Sphere, the next-generation entertainment venue located on Sands Avenue east of the Strip in Las Vegas, Nevada, officially opened at the end of September.  A 516-ft-diameter semi-spherical building rising 366 ft above ground, Sphere encloses a bowl-shaped theater for 17,600 guests, seated beneath a domed roof and suspended media plane.  Severud Associates has been involved as the structural engineer of Sphere—since the project’s inception—and the venue is now the largest spherical structure in the world.


The feature Sphere visitors encounter first is the Exosphere, the venue’s outer latticed grid shell, composed of steel pipe sections and cast steel connecting nodes and covered with 580,000 sq ft of programmable LED lighting, which can present stunning visual displays.  Starting from a traditional geodesic arrangement—a “Bucky dome,” as envisioned by Buckminster Fuller—Severud’s structural engineers employed parametric design and optimization to determine the lightest tessellation of the sphere.
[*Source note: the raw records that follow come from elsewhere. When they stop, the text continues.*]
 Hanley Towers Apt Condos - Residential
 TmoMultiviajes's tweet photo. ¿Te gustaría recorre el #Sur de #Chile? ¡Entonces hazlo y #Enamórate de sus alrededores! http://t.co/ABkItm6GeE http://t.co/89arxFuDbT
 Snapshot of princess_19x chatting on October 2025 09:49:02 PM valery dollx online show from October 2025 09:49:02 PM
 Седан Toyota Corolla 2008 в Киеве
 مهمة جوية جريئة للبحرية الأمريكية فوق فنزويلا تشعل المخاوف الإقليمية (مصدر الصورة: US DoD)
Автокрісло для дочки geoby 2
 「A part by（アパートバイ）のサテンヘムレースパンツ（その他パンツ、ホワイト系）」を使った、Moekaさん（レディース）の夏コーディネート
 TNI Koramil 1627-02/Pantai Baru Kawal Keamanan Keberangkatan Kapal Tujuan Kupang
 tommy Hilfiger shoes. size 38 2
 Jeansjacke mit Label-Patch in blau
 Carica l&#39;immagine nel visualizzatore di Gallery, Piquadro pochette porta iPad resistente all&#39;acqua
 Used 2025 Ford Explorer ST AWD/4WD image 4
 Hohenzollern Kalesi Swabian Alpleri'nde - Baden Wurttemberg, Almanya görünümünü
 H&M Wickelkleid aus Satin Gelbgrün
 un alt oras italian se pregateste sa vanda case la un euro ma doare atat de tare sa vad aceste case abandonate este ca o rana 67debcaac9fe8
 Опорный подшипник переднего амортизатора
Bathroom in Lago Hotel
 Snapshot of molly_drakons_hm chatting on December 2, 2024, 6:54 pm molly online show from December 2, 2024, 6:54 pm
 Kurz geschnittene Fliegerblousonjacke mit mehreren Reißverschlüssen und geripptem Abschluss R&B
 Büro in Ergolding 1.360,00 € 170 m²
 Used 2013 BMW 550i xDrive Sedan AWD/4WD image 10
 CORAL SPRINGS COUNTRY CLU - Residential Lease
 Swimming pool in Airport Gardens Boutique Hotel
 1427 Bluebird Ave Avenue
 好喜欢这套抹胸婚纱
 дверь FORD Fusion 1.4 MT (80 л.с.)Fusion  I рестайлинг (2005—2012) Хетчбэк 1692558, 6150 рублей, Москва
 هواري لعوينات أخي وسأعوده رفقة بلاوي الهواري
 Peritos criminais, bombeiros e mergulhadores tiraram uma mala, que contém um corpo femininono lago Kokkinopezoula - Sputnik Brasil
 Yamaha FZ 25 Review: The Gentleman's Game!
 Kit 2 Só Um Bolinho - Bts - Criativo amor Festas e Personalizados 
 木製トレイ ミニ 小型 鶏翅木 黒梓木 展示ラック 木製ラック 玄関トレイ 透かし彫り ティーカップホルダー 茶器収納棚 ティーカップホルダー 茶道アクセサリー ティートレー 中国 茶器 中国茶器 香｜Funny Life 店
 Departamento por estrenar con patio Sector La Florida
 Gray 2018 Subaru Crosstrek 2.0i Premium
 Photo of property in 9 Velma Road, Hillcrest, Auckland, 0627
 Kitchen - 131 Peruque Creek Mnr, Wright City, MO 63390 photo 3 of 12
Then, working in collaboration with the Sphere team, architect, and steel contractor, they studied several alternate configurations that would be visually appealing while facilitating fabrication and erection.  The team finally arrived at a hybrid solution of horizontal “latitudes” of continuous ring members and crisscrossing diagonal geodesic elements, continuous between the pile-supported grade beam at its base and a latitudinal ring near the crown.  The topmost framing, known as the Oculus, is framed radially.


Severud and the team next studied node connection details, bringing in a casting contractor to advise on cast steel nodes.  Two designs based on welded plates were compared to castings with flanges, with a focus on cost and schedule.  Extensive analysis revealed that built-up plate nodes presented daunting constructability issues.  Cast steel nodes, on the other hand, offered significant advantages of material optimization, improved tolerances, and reduced construction risk.  The cast nodes also have a cleaner look and all appear essentially identical.


Inside the venue, guests experience the awe-inspiring immersive theater—some call it virtual reality without the headset—which is created from separate layered structural systems.  The lower seating bowl framing, stage and proscenium, and back of house components are reinforced concrete members bearing on concrete piles and mats.  The upper seating framing and perimeter catwalks are structural steel in a barrel-shaped arrangement.  All seats—10,000 of which are immersive and include haptic systems—are supported on precast concrete stadia.  Topping off the theater is an optimized steel-framed dome.


Although Sphere is composed of distinct structural systems, they are all interconnected to form a cohesive, balanced, efficient, and elegant superstructure.  Constructed under continuous and careful supervision over the course of five years, this amazing performance space was envisioned to create a fully immersive experience and elevate the entertainment venue to the next level.  Thanks to the collaboration and creative thinking applied to its design and construction, Sphere advances the state of the art of structural engineering as well.


Severud Associates has a 95-year history of turning its clients’ most ambitious visions into reality.  In addition to Sphere, the firm’s portfolio of special structures includes Madison Square Garden, in New York City; the fabric roof and glass walls of the Jeppesen Terminal at Denver International Airport in Colorado; and the Gateway Arch at the Jefferson National Expansion Memorial in St. Louis, Missouri.